Nancy Pennington and Reid Hastie proposed in 1988 that jurors are faced with a sequence of evidence, one witness at a time, and from this rather unhelpfully ordered set of observations, each constructs a narrative account of what went on in the events that led to the trial. Pennington and Hastie did two experiments. They took a real trial in which a man called Johnson killed a man called Caldwell, and derived from it a set of 119 statements which started like this.
1 The first witness is a police officer: Sergeant Robert Harris
2 I was on my usual foot patrol at 9:00 p.m.

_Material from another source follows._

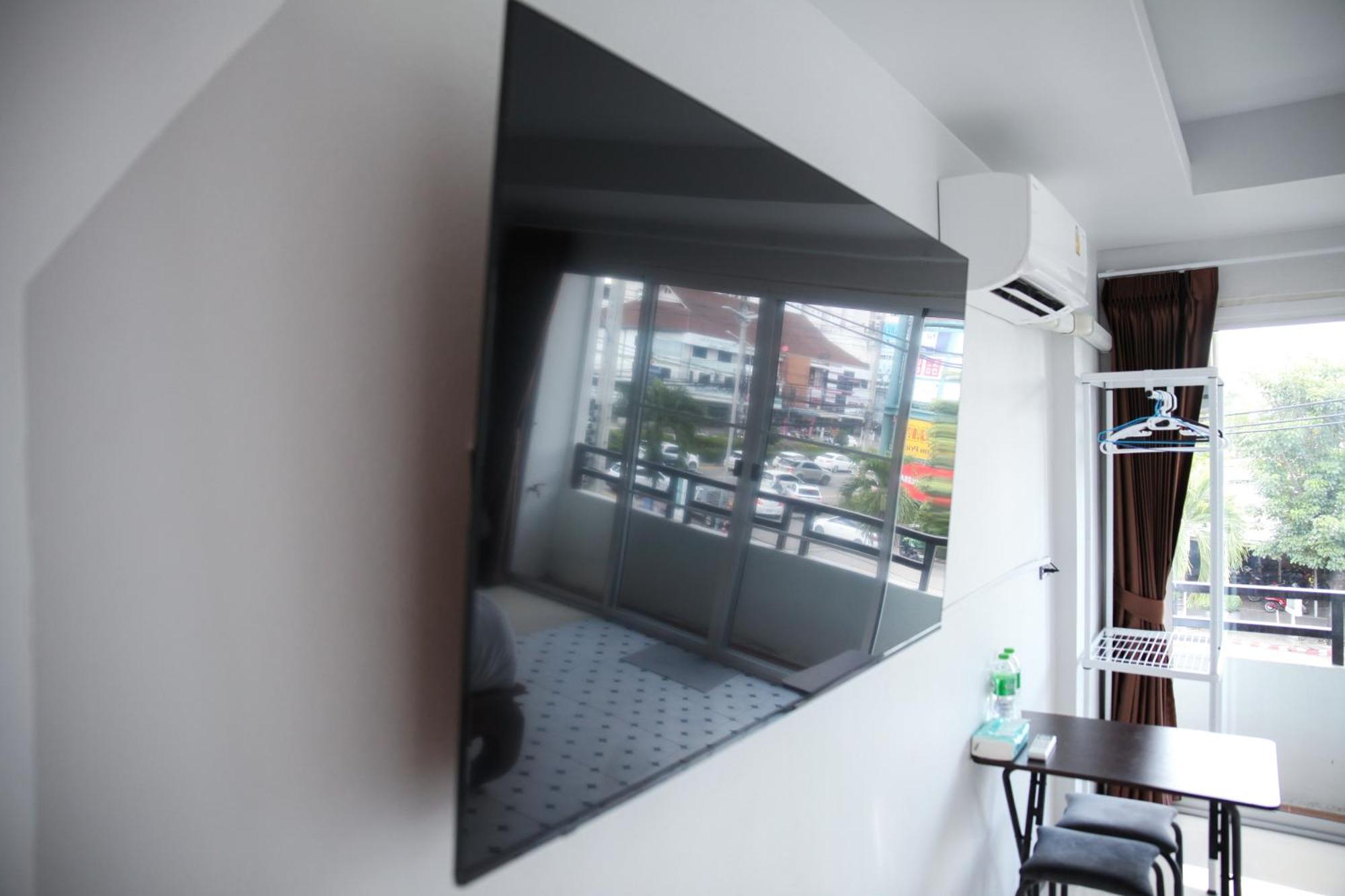 Hotel Near Airport Chiang Mai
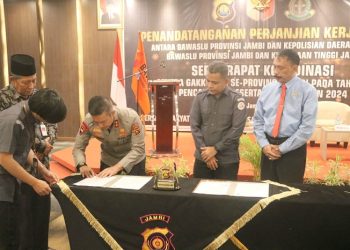 Penandatanganan MoU Kapolda Bersama Bawaslu Provinsi Jambi di Hotel BW Luxury, Kamis (11/05/2023). [Dok. Humas Polda Jambi]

3 I heard loud voices from the direction of Gleason's Bar
4 Johnson and Caldwell were outside the bar
5 Johnson laughed at Caldwell
In their first experiment, after participants had read the evidence-statements, and rendered a verdict, they were given a memory test, which they were not expecting. As compared with those who rendered a not-guilty verdict, those who rendered a guilty verdict remembered more of the original 119 items that were elements of the prosecution story, and also claimed to remember more items that were not actually among the original 119 items but were inferences from the prosecution story. In the same way those who rendered a not-guilty verdict remembered more of the 119 items from that story and more new items that were inferences from it.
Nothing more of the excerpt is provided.